Ahora bien, si esto es el arte, la estética es el modo filosófico con el que se conoce esa intuición, es el concepto de lo bello. Otra cosa es lo que ha sucedido en las obras contemporáneas en las que el arte se ha convertido en lo mismo que la estética, hasta el punto de que es precisamente el discurso filosófico, y en muchos casos, filosofoide, lo que le da el estatuto de artístico a un objeto. Esto hace que nos volvamos no más inteligentes, sino menos sensibles, que dejemos de intuir para sólo creer que pensamos, pues un pensamiento que quiere construirse sin intuición no es pensamiento. Esto hace que olvidemos el sentido que el arte tiene en la constitución de lo que somos.
El arte trans-forma el mundo, lo crea. El problema del arte es el de la creación del mundo, el de cómo nos apropiamos de lo extraño, cómo somos otros y nosotros mismos. El problema del arte es el de la ex-sistencia, pues no es más que una forma de estar fuera, de ex-sistir.
En tanto que el arte lleva a tener conciencia histórica, lleva a salir de la prosa del mundo, como la llama Hegel. Tener conciencia es salir. Uno no se da cuenta de que actúa mientras actúa, se tiene que dejar de actuar para ser consciente de ello. Tomar distancia para ver lo que se está haciendo, para mirar-se mirando.
Al final es el espíritu el que se hace mundo; se ve como otro al desdoblarse y se recoge al intuirse en el arte y al pensarse en la estética. El punto es que el arte nunca nos mantiene en la inercia del mundo, el arte nos saca porque nos hace ser conscientes de él, no puede ser inercia porque es verdad.
Sé que para nosotros, para el horizonte de sentido que nos sustenta, percibir, y ya no se diga pensar, sentir, o experimentar de este modo el arte de nuestro tiempo, nos resulta difícil de siquiera concebir. ¿Cómo pensar que el Oroxxo de Gabriel Orozco esté diciendo algo de la verdad de la existencia? Estamos, o intentamos estar, en un mundo en el que el arte se ha degradado hasta ser visto como un chiste sin humor. No estoy diciendo que todo el arte contemporáneo sea un chiste, sino todo lo contrario, pues en un mundo en el que lo más fácil es creer que el arte es inexistente, lo que se presenta no es la simple afirmación sin reflexión, sino la urgencia de pensar por qué sigue habiendo arte.

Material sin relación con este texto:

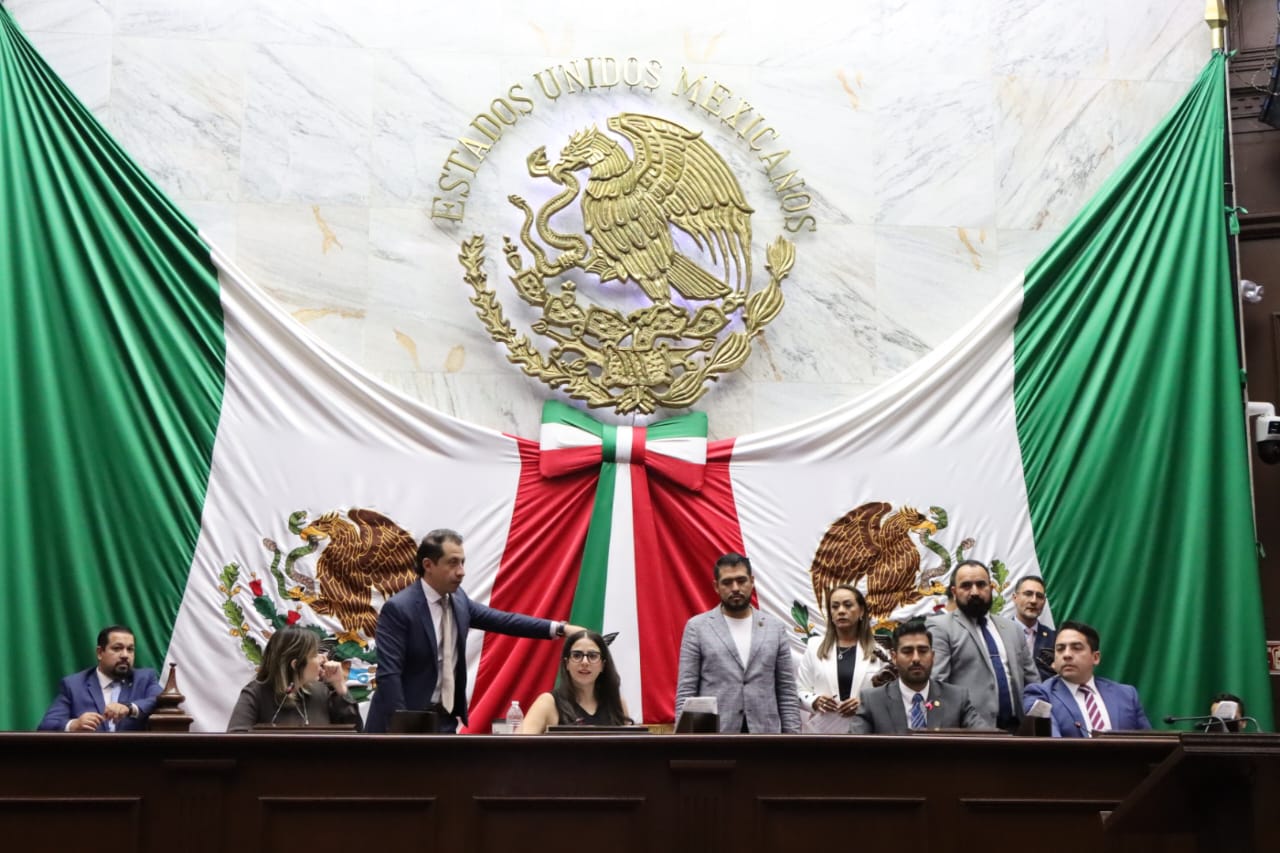 Congreso del Estado permite que padres decidan el orden de apellidos de sus hijos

Quizá parecerá banal hacerlo desde la metafísica de Hegel que piensa el sentido del hombre en el mundo, cuando lo que se muestra a diario es todo lo opuesto, la ausencia de una dirección hacia la cual dirigirnos. Pero si se cree que dejando de gastar palabras en hablar del sentido de lo humano y empezando a decir algo sobre su autodestrucción es como ésta realmente se puede evitar, lo que se está haciendo es intensificarla. Tapar nuestros ojos y oídos, y más aún tapar nuestro pensamiento, no hace desaparecer las cosas, hace que sólo las dejemos de ver. Pensándolas, y no dejando de hablar de ellas, es como se puede hacerles frente, lo otro es evadirlas. Olvidarnos es otra forma de destruirnos, y quizá la más eficaz. Críticas que surgen no del pensamiento de las cosas, sino de nuestros prejuicios, es justo lo que no necesitamos. ¿Cómo creemos cambiar al mundo si no nos atrevemos a pensarlo? ¿Es en la crisis del humanismo cuando creemos que no sólo es una opción, sino que es la mejor opción, dejar de pensar al humano?
Ser disidente no es más que ser uno mismo, volver, ser humanos e históricos: ser disidente es ex-sistir.